Back at the beginning of the month, the US DOT tentatively approved the joint venture between Delta and Aeromexico, allowing the carriers to coordinate pricing and schedules on flights between the US and Mexico. Approval did not come without some stipulations, including the proposed divestiture of 6 slots at JFK and 24 slots at Mexico City.
From a competitive perspective, the new JV market share isn’t that much larger than AA and UA. Aeromexico (13.5%) is the #3 US-Mexico carrier behind both American and United, while Delta is the #4 carrier (11.9%). The JV would account for 25.4% share with AA and UA each maintaining more than a 20% share.

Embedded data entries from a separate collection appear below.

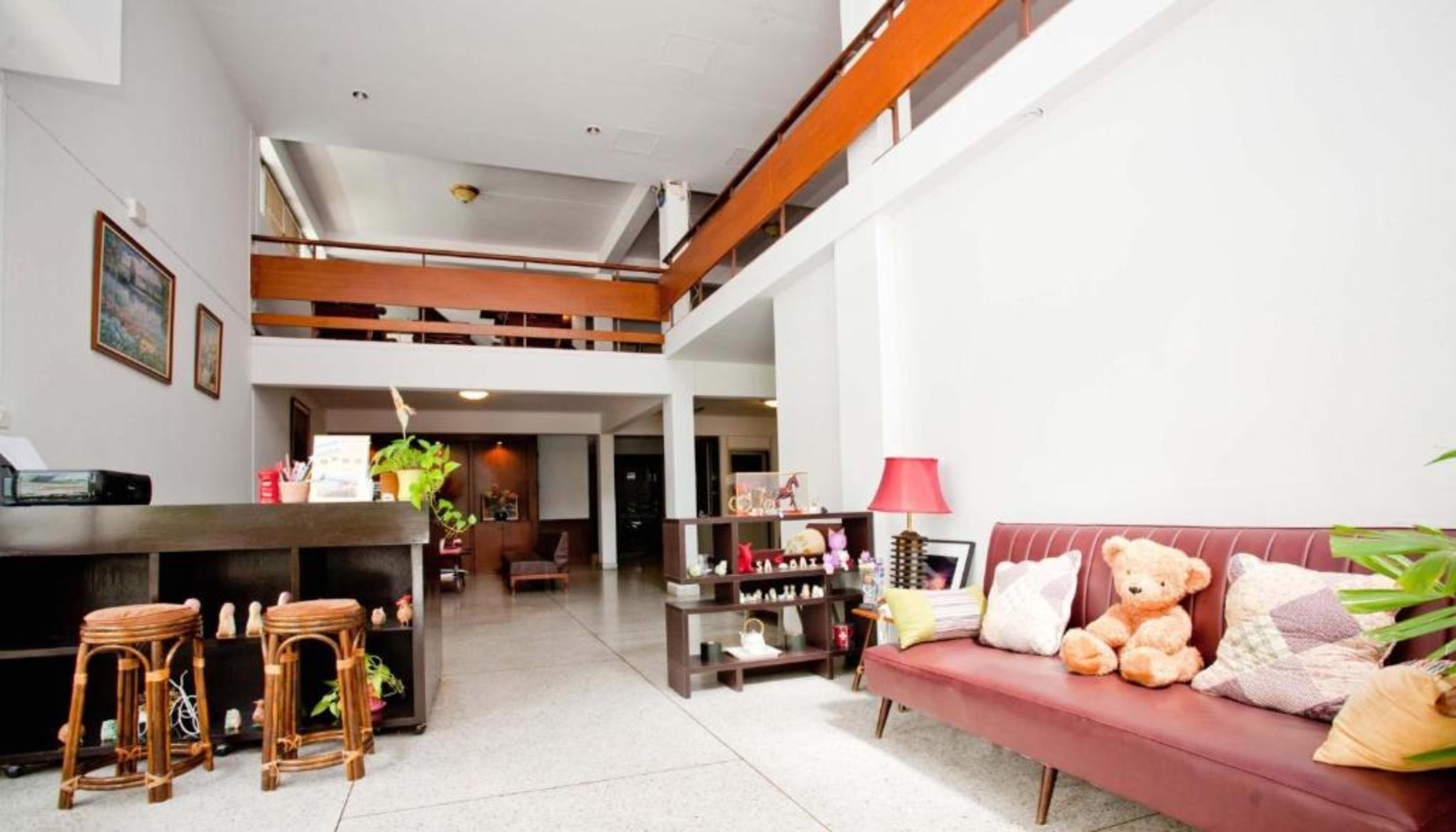Marhaba House Hotell Chiang Mai Exteriör bild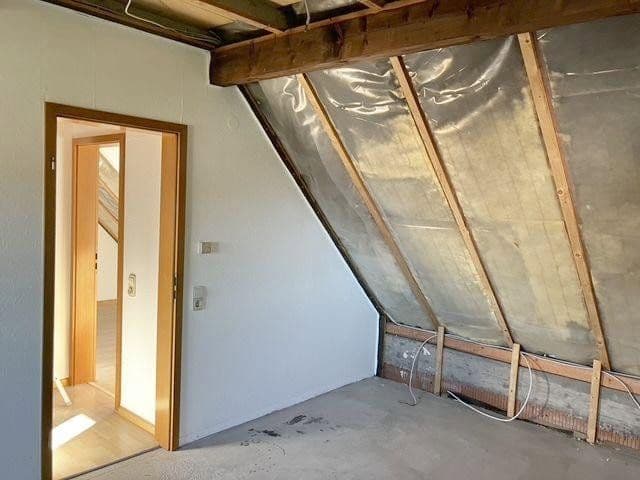 Prenájom bytu 3-izbový 81 m², Tübingen, Bádensko-Wurttembersko Prenájom bytu 3-izbový 81 m², Tübingen, Bádensko-Wurttembersko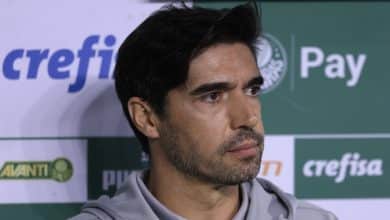 Abel Ferreira &eacute; acusado de xenofobia em coletiva e se retrata via assessoria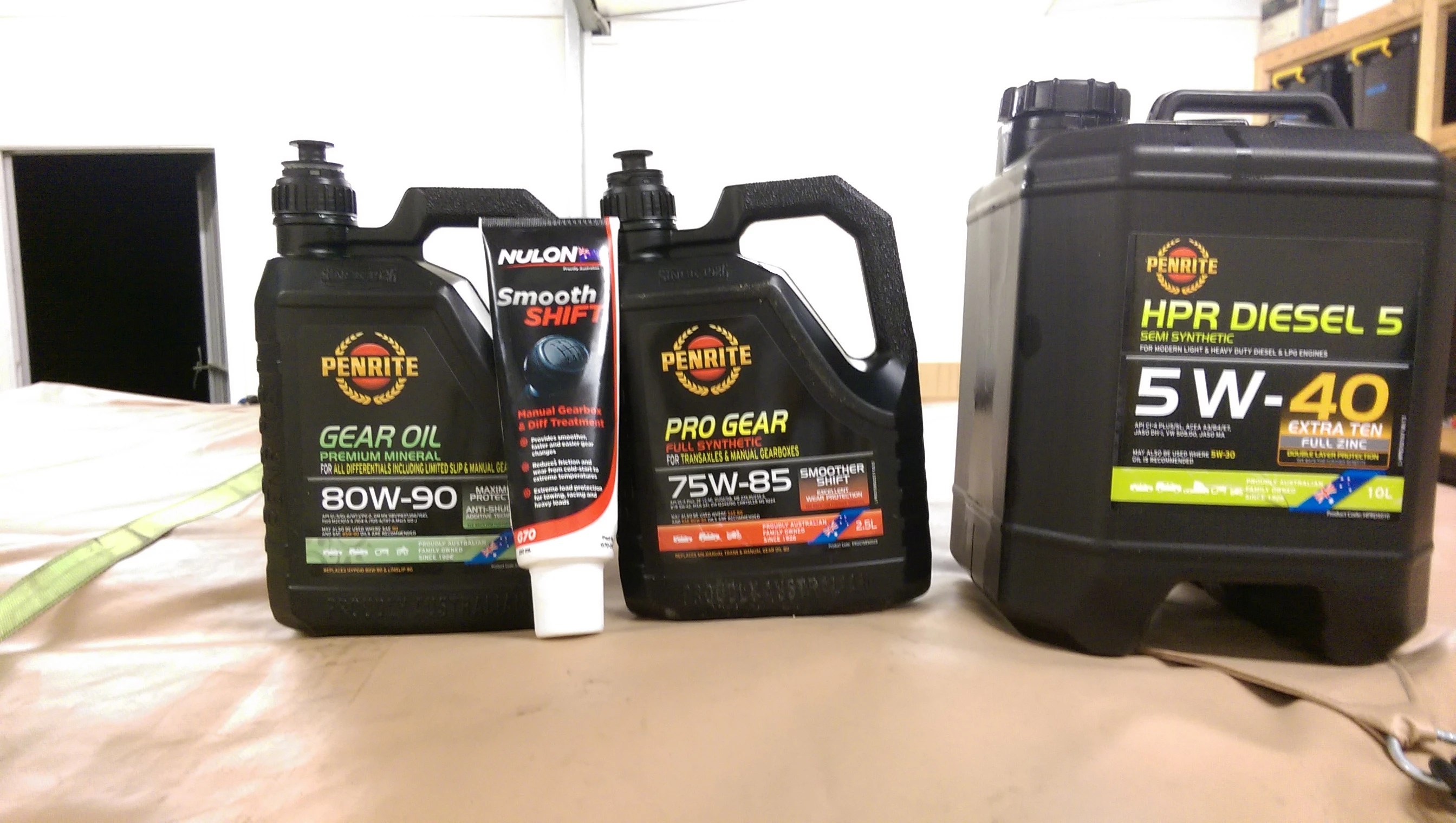 Transfer, Gearbox, Front and Rear Differential and Clutch Oils that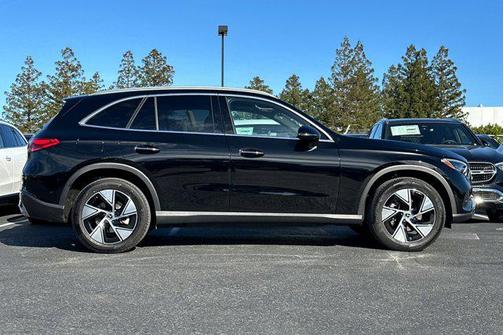 2024 Mercedes-Benz GLC 300 4MATIC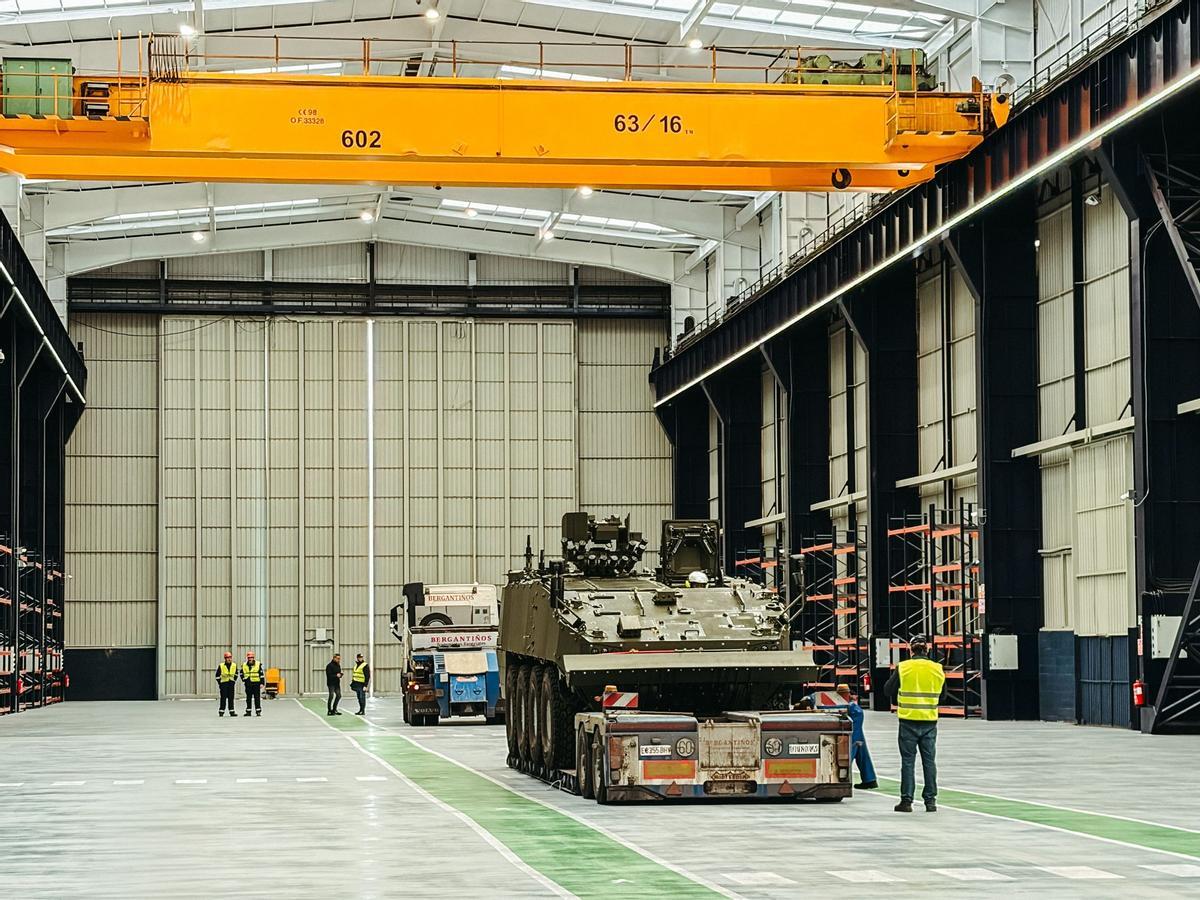 Le 23 décembre, les techniciens d'Indra ont reçu le premier Dragon 8X8 à l'atelier de Gijón pour tester son futur assemblage.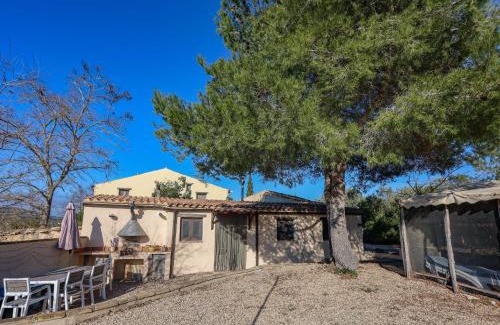 Rasquera House | Wonderful comfortable finca in the Burga valley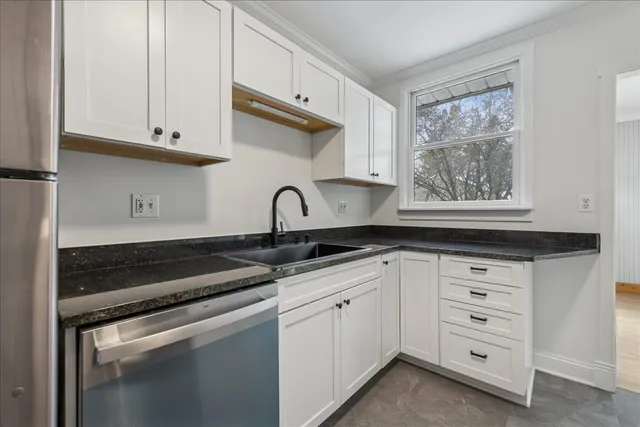 $345,000 | 401 East Tower Drive, Barrington, IL 60010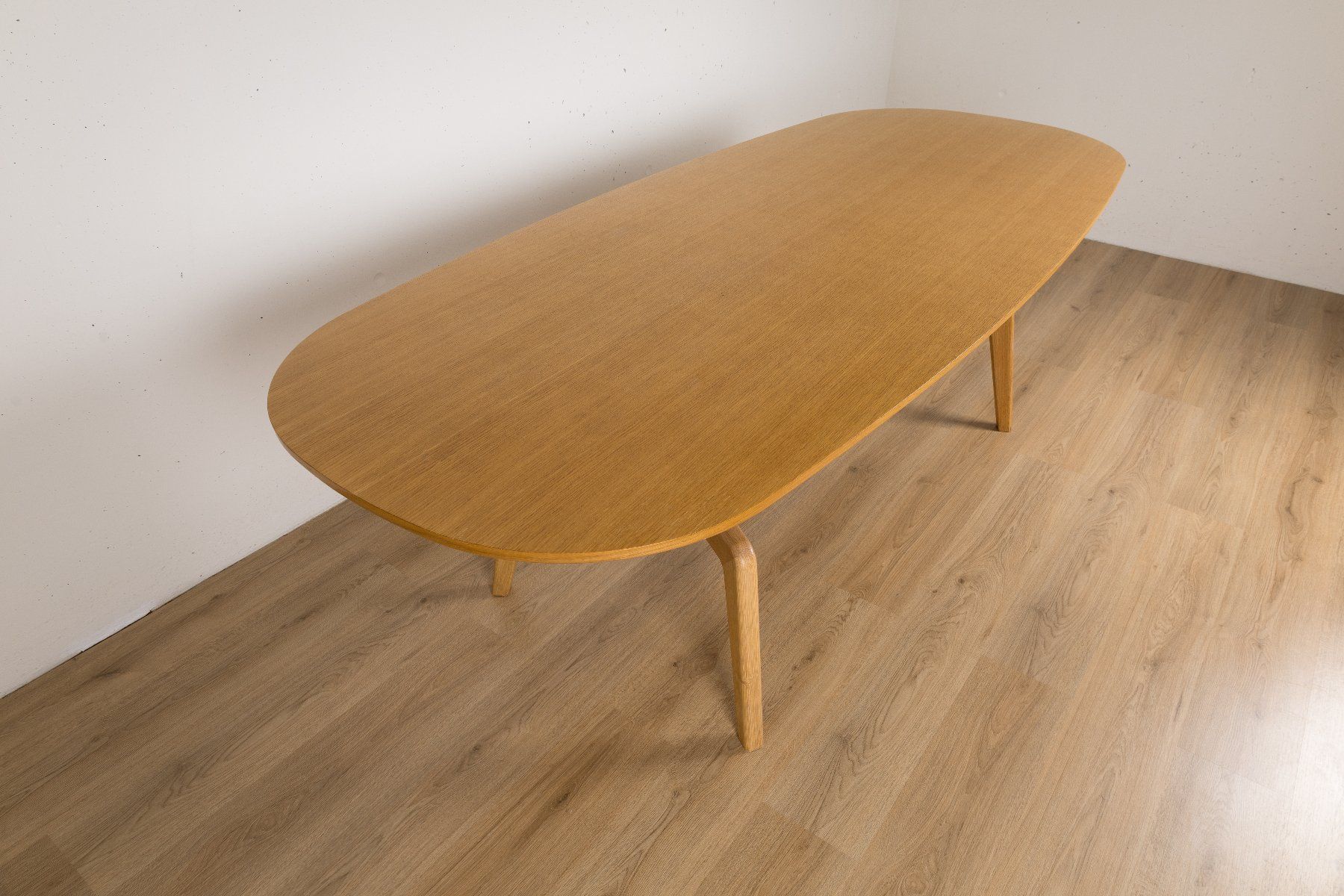 Alias Tavoli: Alfredo Häberli Alias Stabiles Oval Designeresstisch 690 – Usato da Winterthur venduto da Restored 3
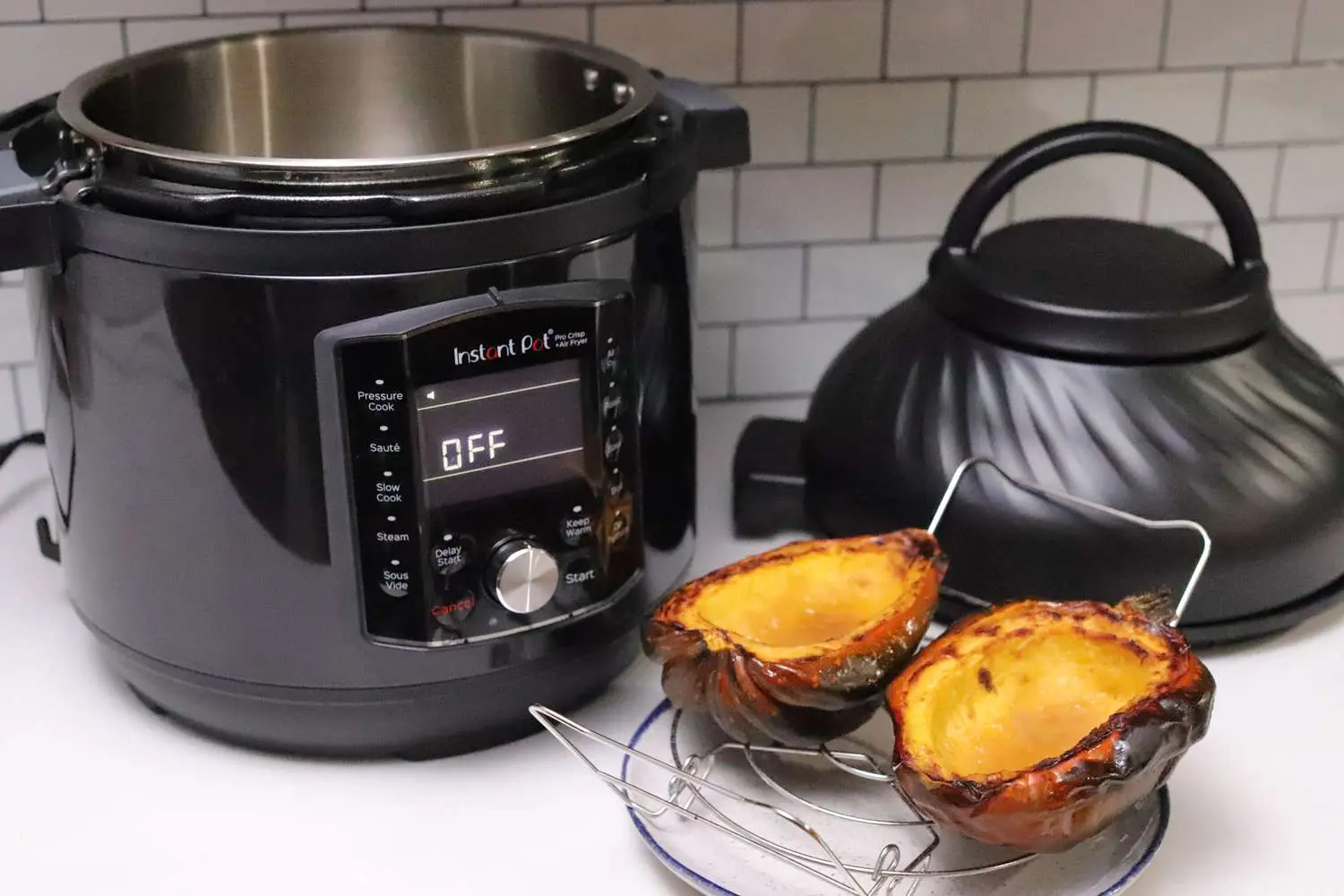 Multicooker Instant Pot Pro Crisp 8 (Black)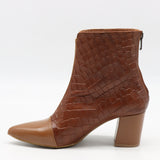 BOTTINES À TALONS ET BOUT POINTU EN CUIR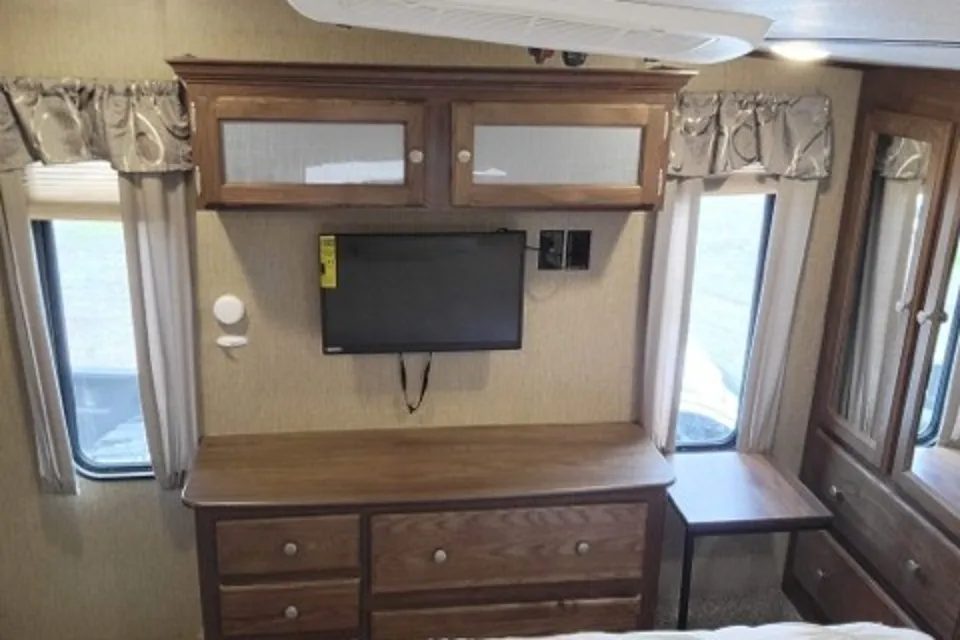 38' Keystone Sprinter Fifth Wheel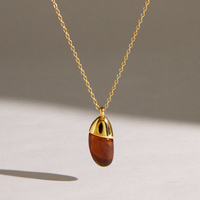 Collier pendentif J&D Designer Vintage en acier inoxydable plaqué or 18 carats PVD, avec pendentif en ambre naturel translucide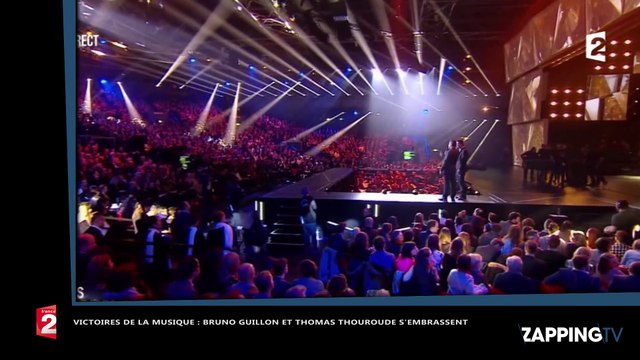 Victoires de la musique 2017 : Bruno Guillon et Thomas Thouroude s'embrassent en direct (vidéo)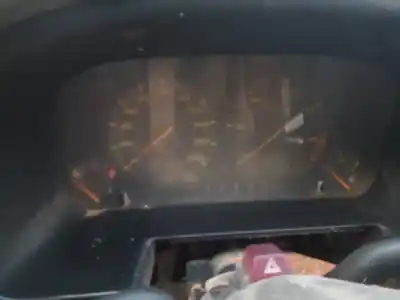 Scrapping Vehicle seat inca . of the year 2000 powered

It’s the airport slots however that appear to be the sticking point – Delta and Aeromexico together would account for almost 50% of the slots at Mexico City (MEX), preventing low-cost carriers in the US and Mexico from entering the airport with cheaper fares. The Motley Fool remarks on why the DOT terms are especially painful for the airlines:
Contrary to other recent slot divestitures, Delta and Aeromexico wouldn’t be compensated for giving up slots, because slots cannot be bought or sold at Mexico City’s airport. Mexican regulators would have allowed Delta and Aeromexico to give the eight slots to any other airline (or combination of airlines), the DOT wants to supervise the allocation of any slots they divest.
Obviously, if this occurred, it would be very beneficial for JetBlue and Volaris. Both carriers would be eligible to request slots in Mexico City, and Volaris would also be eligible to request slots at JFK Airport. Furthermore, both have expressed strong interest in adding flights between the U.S. and Mexico City if they can get more slots at reasonable times.
Even with the above stipulations, the DOT will only approve antitrust immunity for a period of five years. The airlines think the combined terms are “excessive and unprecedented”. Where do they go from here? The airlines will likely try to negotiate better terms or perhaps simply let the deal fall through and wait for a change in the political or competitive environment.